Но вот Федор Ростопчин (один из немногих, кого с определенной мерой условности можно назвать другом Павла Петровича), найдя в бумагах умирающей государыни записку Алексея Орлова, сначала ее скопировал (эта-то копия и дошла до наших дней, подлинник Павел бросил в огонь, как и предполагаемое завещание матери, которым она лишала его престола и объявляла своим наследником внука, Александра Павловича), а потом передал великому князю. Павел читал, не скрывая волнения: «Матушка, милосердная государыня. Как мне изъяснить, описать, что случилось, не поверишь верному своему рабу. Но, как перед Богом, скажу истину. Матушка! Готов на смерть идти, сам не знаю, как беда случилась. Погибли мы, коли не помилуешь.
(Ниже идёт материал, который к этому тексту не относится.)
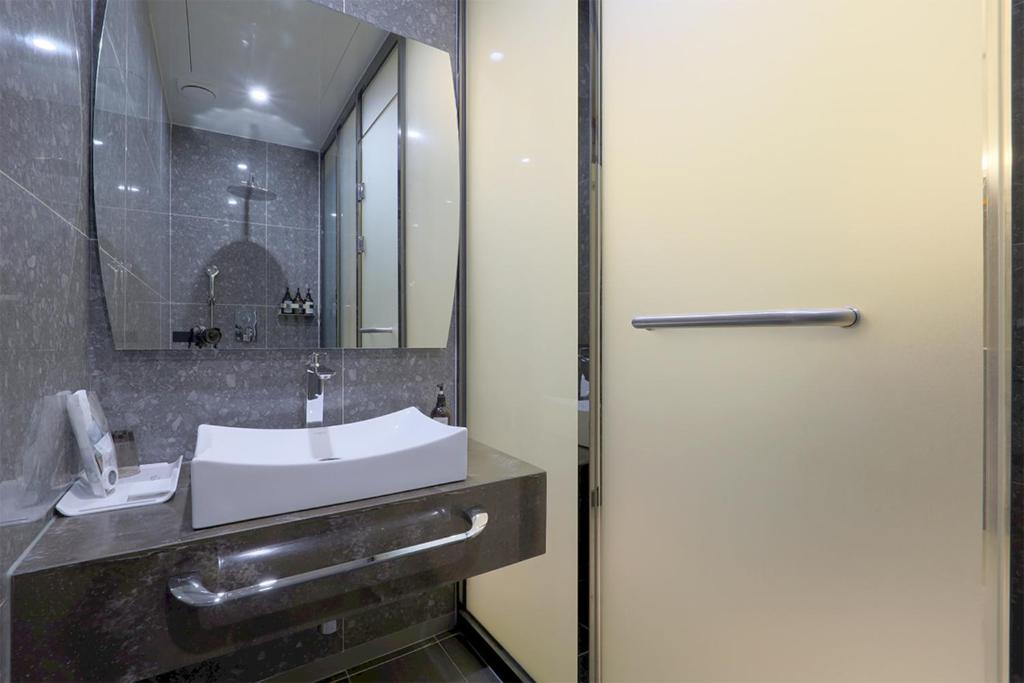 Koupelna v ubytování HOTEL YUNA Business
Матушка, его нет на свете. Но никто сего не думал, и как нам задумать поднять руку на государя. Но, государыня, случилась беда. Он заспорил за столом с князем Федором (Барятинским. – И. С.), не успели мы разнять, а его уже не стало. Сами не помним, что делали, но все до единого виноваты, достойны казни. Помилуй меня хоть для брата. Повинную тебе принес и разыскивать нечего. Прости или прикажи скорее кончить. Свет не мил, прогневили тебя и погубили души навек». Дочитав, наследник (уже без нескольких минут император) вздохнул с облегчением: слава Богу, матушка не приказывала убивать!
Но это облегчение не остановило его: он все-таки устроил безумный фарс – совместные похороны Екатерины и извлеченных из могилы сгнивших за 34 года останков Петра III. Он мстил матери за 42 года ожидания вожделенной власти, за то, что она превосходила его во всем, за то, что в открытую называла его «мсье второй сорт». Его беда была в том, что у него недоставало ни мудрости, чтобы осознать величие покойной императрицы, ни великодушия, чтобы забыть и простить. Он хотел одного: уничтожить все, сделанное ею, стереть даже память о ней.
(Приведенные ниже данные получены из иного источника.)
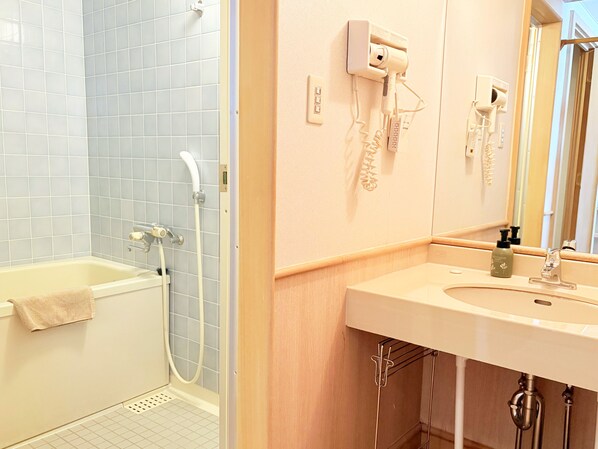 A bathroom with a bathtub, a shower, a sink, and a hairdryer mounted on the wall.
Все, что Павел Петрович пережил, будучи великим князем, сформировало характер, образ мыслей и действий реформатора и разрушителя. Но реформатор, желающий во что бы то ни стало все изменить, все сделать по-своему, но не имеющий ни определенной цели, ни плана, хватающийся то за одно, то за другое, вязнущий в мелочах – опасен. Став императором, Павел будто поставил себе целью добиться, чтобы сбылось пророчество его кумира Фридриха Великого: повторил судьбу своего несчастного отца.
Заговор и убийство были делом нескольких человек из ближайшего окружения царя. Но самым страшным оказалось то, что его смерть не вызвала ни слез, ни сочувствия. Страна, лишившаяся монарха, ликовала.
Великий князь Павел Петрович.
Жена недавнего наследника, а теперь уже императора Александра I Елизавета Алексеевна писала матери 13—14 марта 1801 года: «Как бы ни больно мне думать о горестных обстоятельствах смерти императора, признаюсь, я дышу свободно вместе со всей Россией… ему (Александру Павловичу. – И. С.) необходима твердость, ибо, Боже праведный, в каком состоянии досталась ему эта империя… Все тихо и спокойно, если бы не безумная радость, которой охвачены все от последнего мужика до самых высокопоставленных особ».
Чтобы заслужить такую посмертную участь, надо было очень постараться…
В жизни обоих персонажей этой главы было немало событий, рассказ о которых мог бы оказаться небезынтересен читателям. Я сознательно отобрала только то, что важно для концепции всей книги: участь людей, в силу своего рождения оказавшихся в привилегированном положении, вовсе не безмятежна. Жизнь их так трудна, так полна опасностей, искушений и соблазнов, что вряд ли стоит им завидовать (впрочем, завидовать вообще никому не стоит – у каждого своя судьба). А вот посочувствовать им можно. И – пожалеть… Даже если они (такие, какими их сделали положение, воспитание, интриги двора) и не слишком симпатичны.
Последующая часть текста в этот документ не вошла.